The input Start Marker

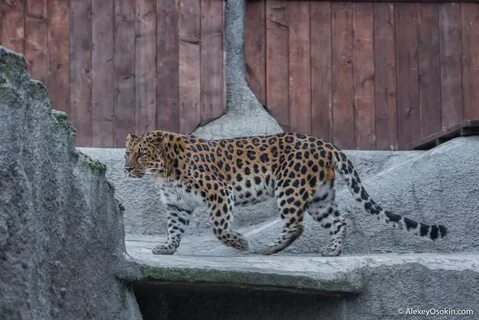 Сколько животных в московском зоопарке получили имена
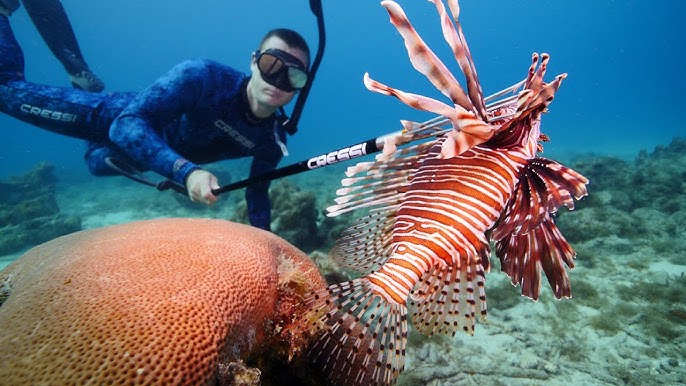 Action shots of freedivers hunting lionfish with specialized spears in the Caribbean.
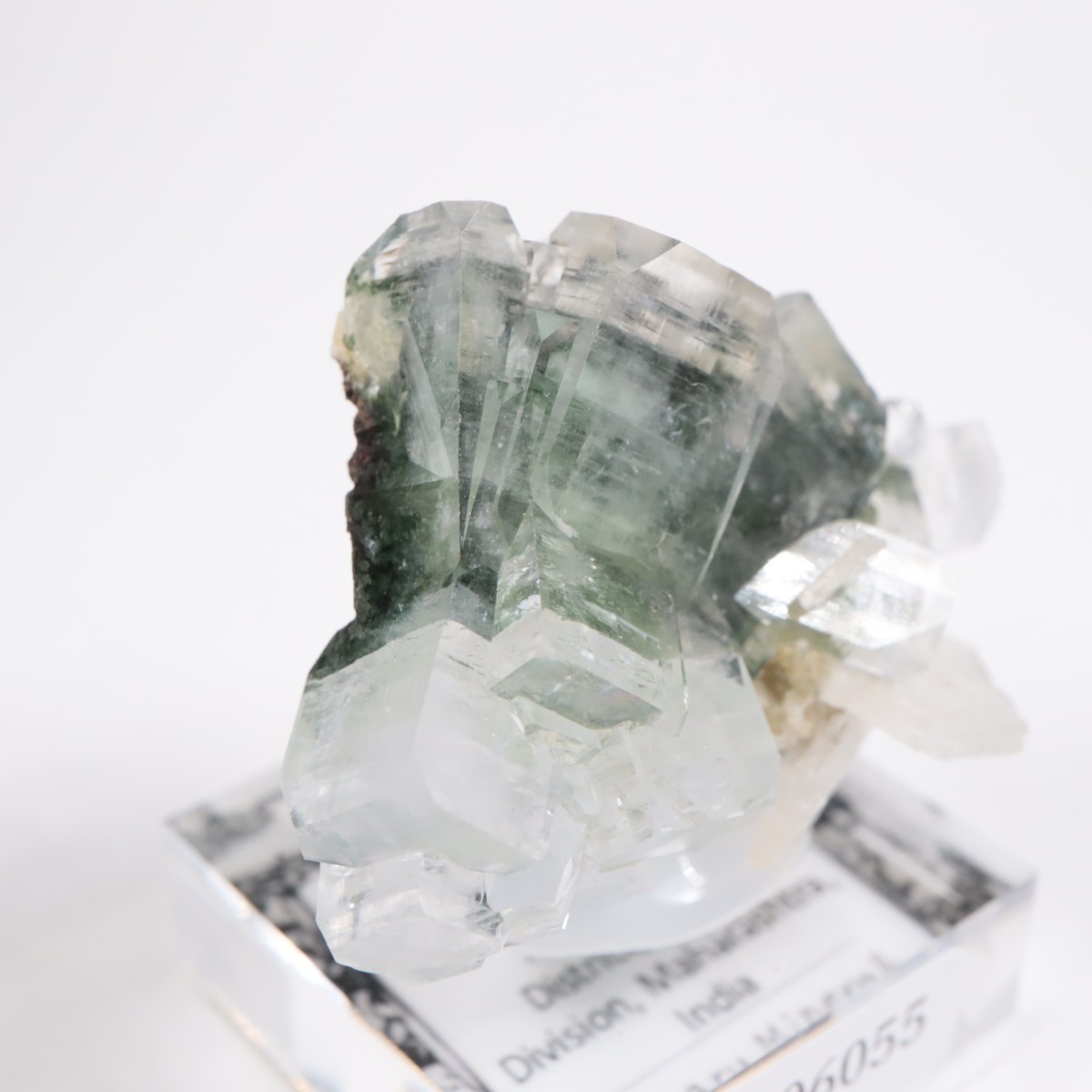 ����ɻ� ���ݥե��饤��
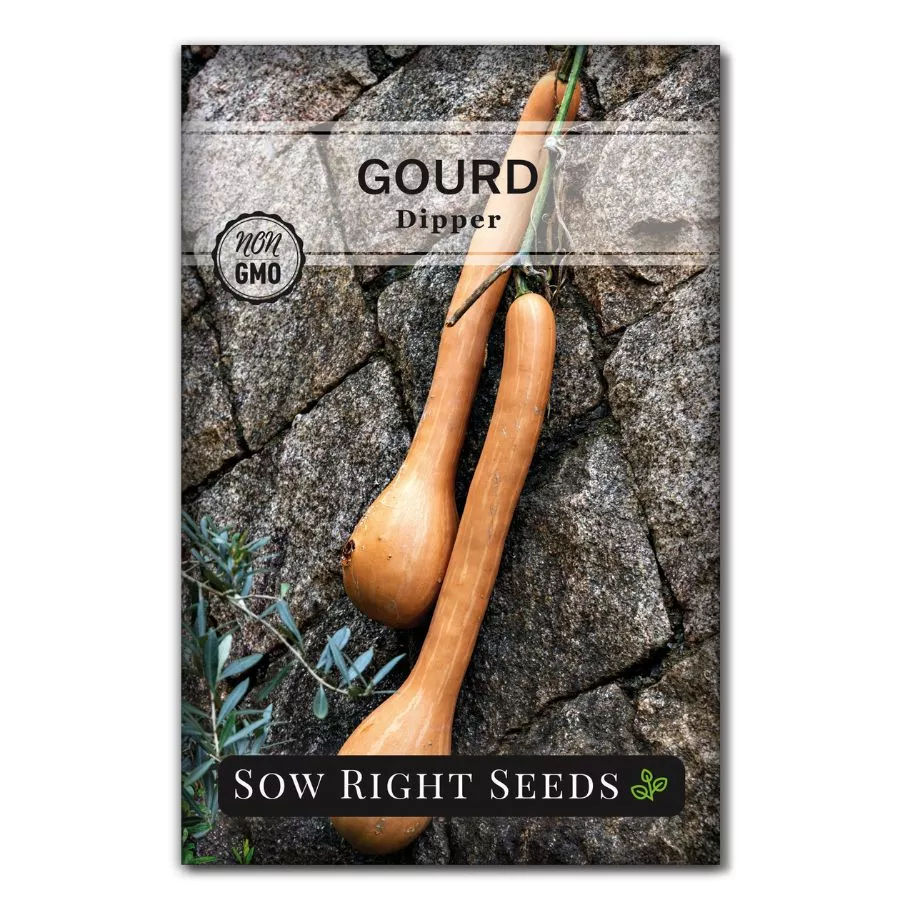 Dipper Gourd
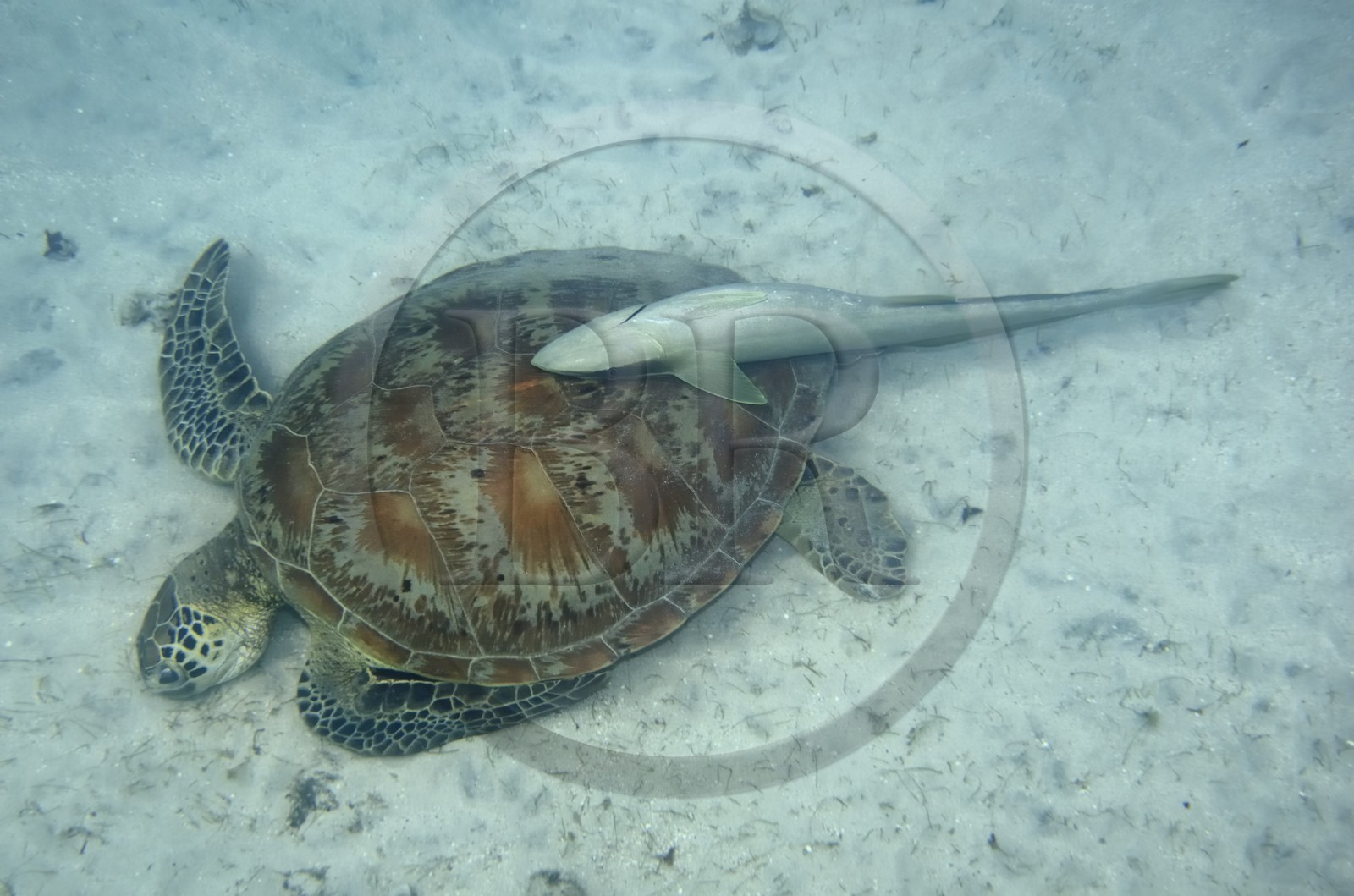 France, Ile de Mayotte, Grande-Terre, Kani-Keli, plage de N’Gouja, tortue (de mer) verte (Chelonia mydas) et un poisson pilote rémora (Echeneis naucrates) accroché à sa carapace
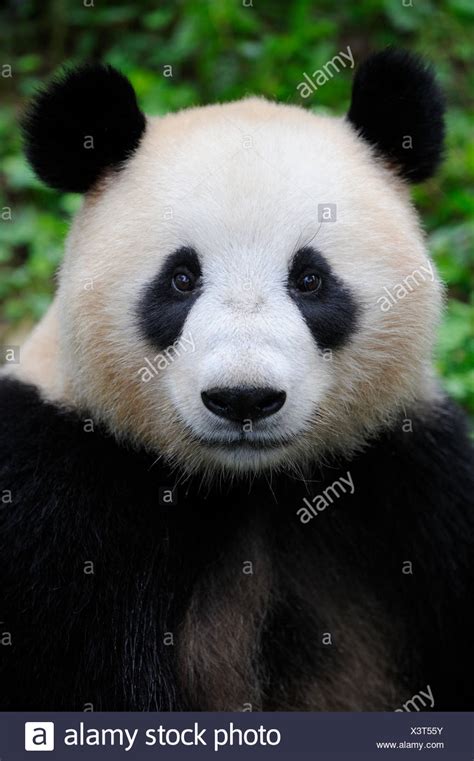 Panda Head High Resolution Stock Photography And Images Alamy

The input End Marker

Activity: Repeat the records above exactly, from the first line through the line that contains "Dipper Gourd", and leave out the pictures.

Solution to the problem:
 Сколько животных в московском зоопарке получили имена
 Action shots of freedivers hunting lionfish with specialized spears in the Caribbean.
 ����ɻ� ���ݥե��饤��
 Dipper Gourd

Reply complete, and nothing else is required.